SA Medical Association says NHI Bill used as electioneering tool

Dr Mvuyisi Mzukwa, chairperson of the South African Medical Association.

Dr Mvuyisi Mzukwa, chairperson of the South African Medical Association.

Published Jun 24, 2023


Even though the NHI Bill is moments away from becoming an Act of Parliament, the South African Medical Association (Sama) believes that the bill is being used as an electioneering tool, and that it doesn’t hold the interest of the poor and that of the collective medical sector.

There’s only one step left before the National Health Insurance (NHI) Bill is signed into law by President Cyril Ramaphosa; this follows its adoption by the National Assembly on June 13.

The Department of Health briefed the National Council of Provinces (NCOP) on the Bill on Tuesday, and if it is adopted by this house, it will go to the president, who may sign it into law.

The bill promises a number of things, such as the creation of the NHI fund that will cover all South Africans and foreigners who hold legal status in the country.
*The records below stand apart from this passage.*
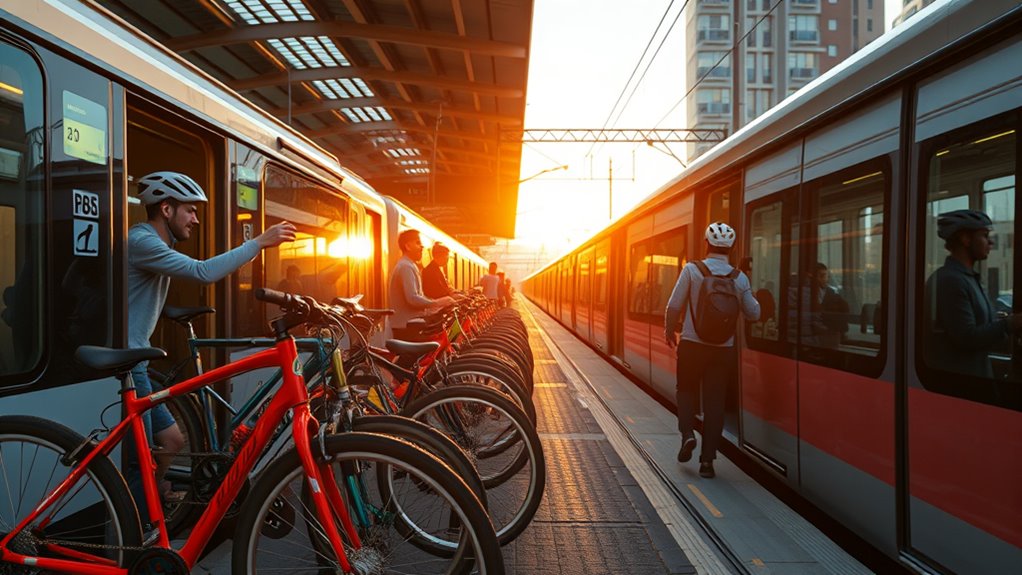 secure visible organized bike transit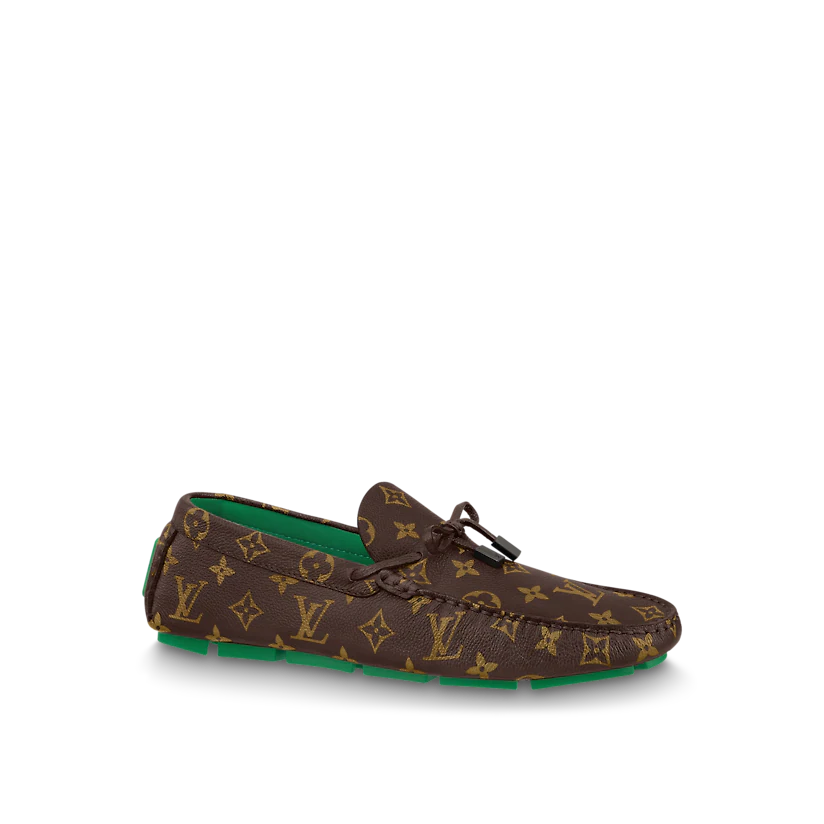 GIÀY LOUIS VUITTON LV DRIVER MOCCASIN EBENE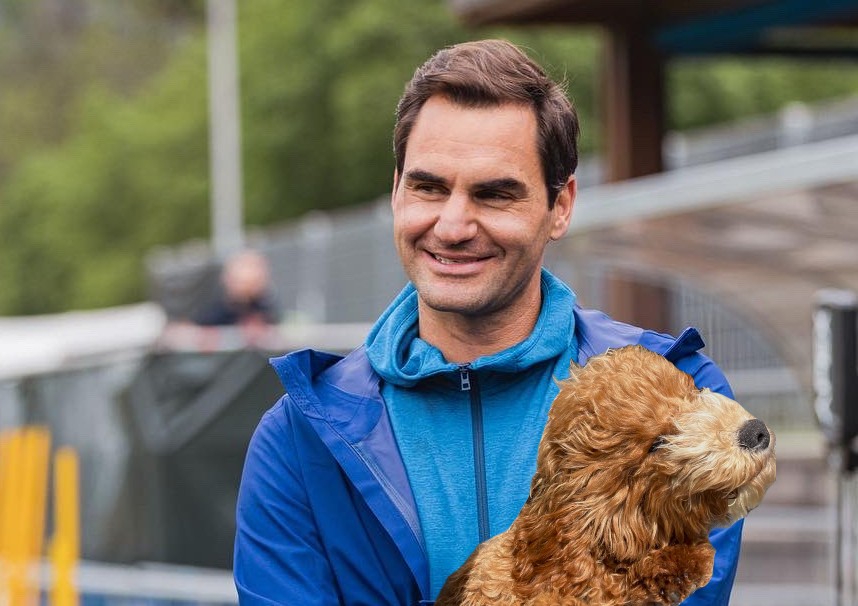 Dinora♥RF 🐐 в X: „First public appearance ! #RogerFederer and Willow 💕  https://t.co/JA135AJgu1“ / X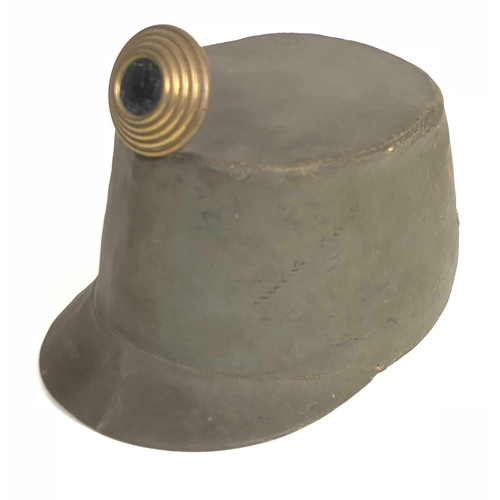 449 - Austro-Hungarian Field service Foul Weather Shako.  Good scarce example tailored with oilcloth retai... 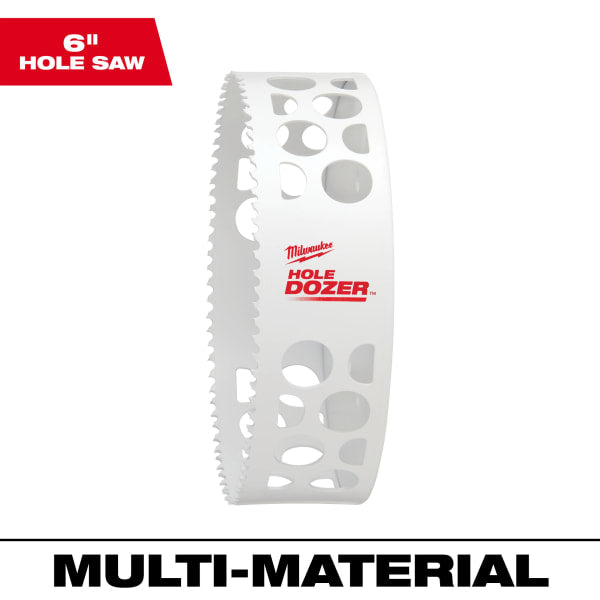 6" HOLE DOZER™ Bi-Metal Hole Saw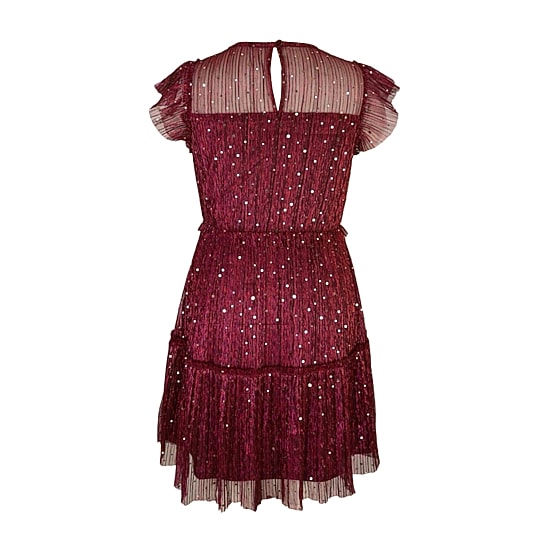 Lilt Big Kid Girls Embellished Short Sleeve Ruffled A-Line Dress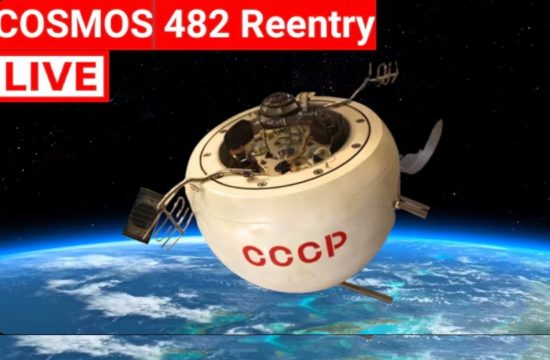 Live: 53 Year COSMOS 482 Reentry Countdown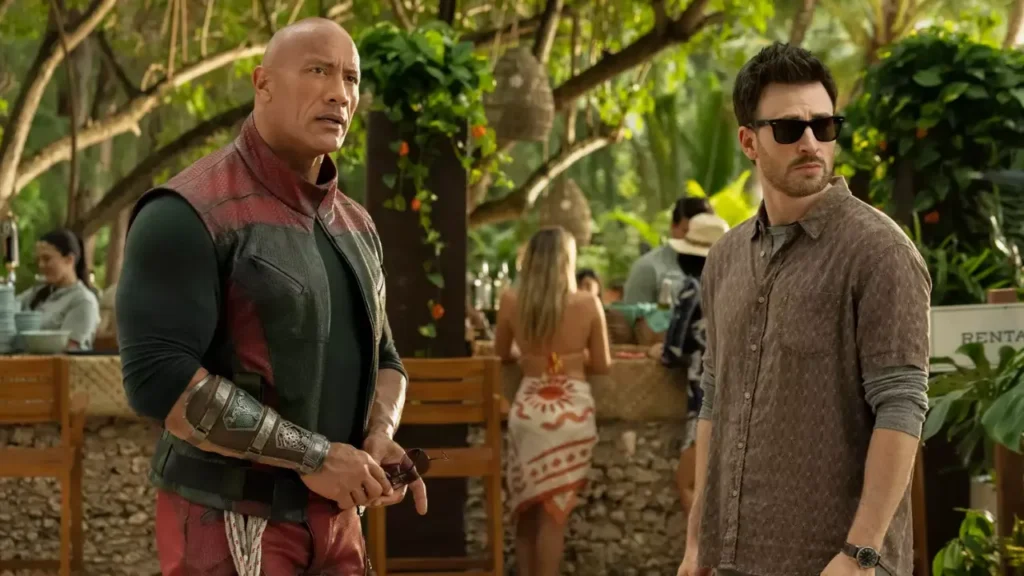 Chris Evans e The Rock em Operação Natal 2024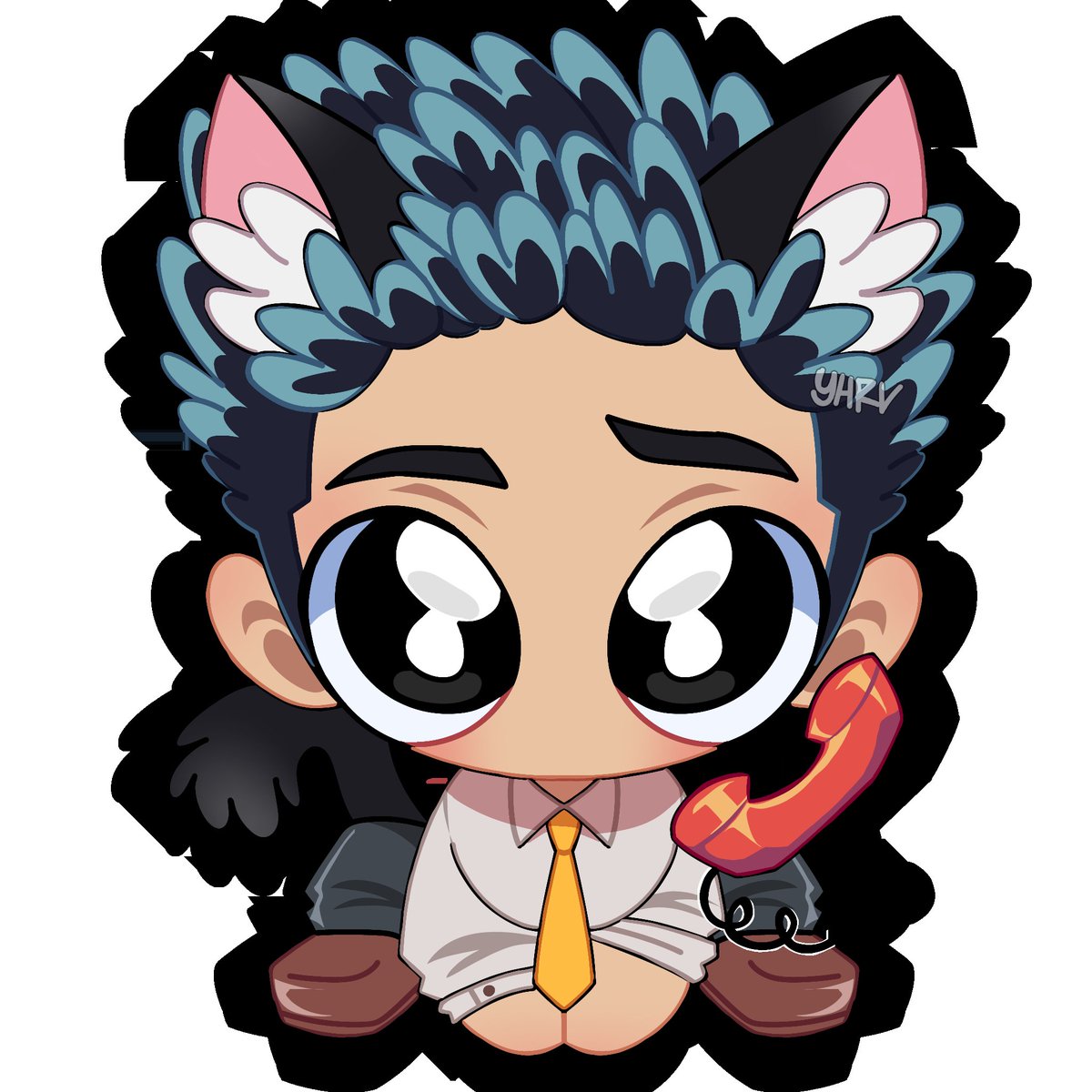 dannylongdan's tweet image. Imagine you give him shit for not picking up so he looks at you like this. Saw this as a YCH offer and couldn't resist!!! Thinking of turning him into a personal keychain for my ita bag hehe

Art by Yhrv (FB)
[#jeanloo #jeanloopissoir #dateeverything]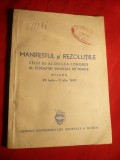 CGM - Manifestul si Rezolutiile alI-lea Congres Fed.Sindicala Mondiala Milano 1949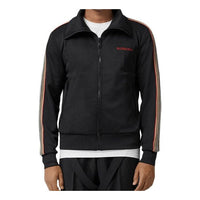Burberry Locn Stripe High-necked Coat Jacket Male Black 80076881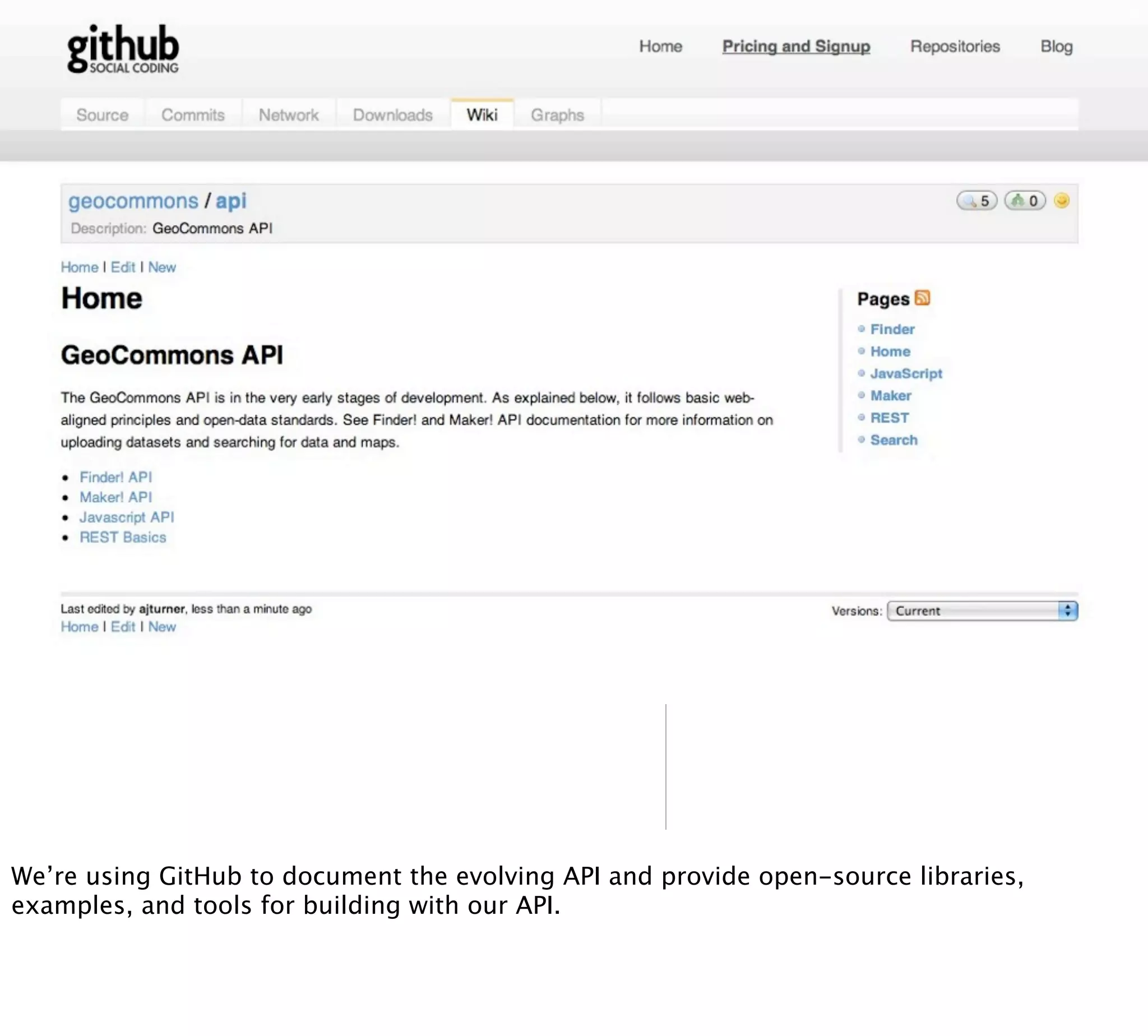 Your Own Private GeoWeb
Among other promises, the bill states that when people visit health-care facilities, there will be no fees charged because the NHI fund will cover the costs of people’s medical care in the same way that medical aids do for their members and that the cost of health care will be reduced.

Sama chairperson Dr Mvuyisi Mzukwa, who has launched an online petition against the NHI Bill, said in its current form the bill is problematic and that it doesn’t clearly state where the money for the fund will come from.

“Sama has consistently voiced objections, emphasising that the bill's current form is problematic. Key concerns include the focus on a funding model without addressing human resource shortages and infrastructure issues in the public health-care system. Corruption risks, a lack of cost assessment, and limitations on medical aid schemes are additional worries. Sama emphasises the need for comprehensive reforms to achieve universal health coverage effectively,” said Mzukwa.

Mzukwa accused the department of using the bill as an electioneering tool, saying that since 1994 the government had failed the people of this country by not providing basic services such as water and electricity, and that the fund would be another failed project.

“By the look of things, we are only addressing health issues, but not all the determinants of health, such as socio-economic issues, the environment, and so on. We are also going to need more doctors and good leadership in government, as we know corruption is rife in the country, and I am afraid the NHI fund won’t be immune to that, hence, we need measures in place to guard the fund against corruption,” said Mzukwa.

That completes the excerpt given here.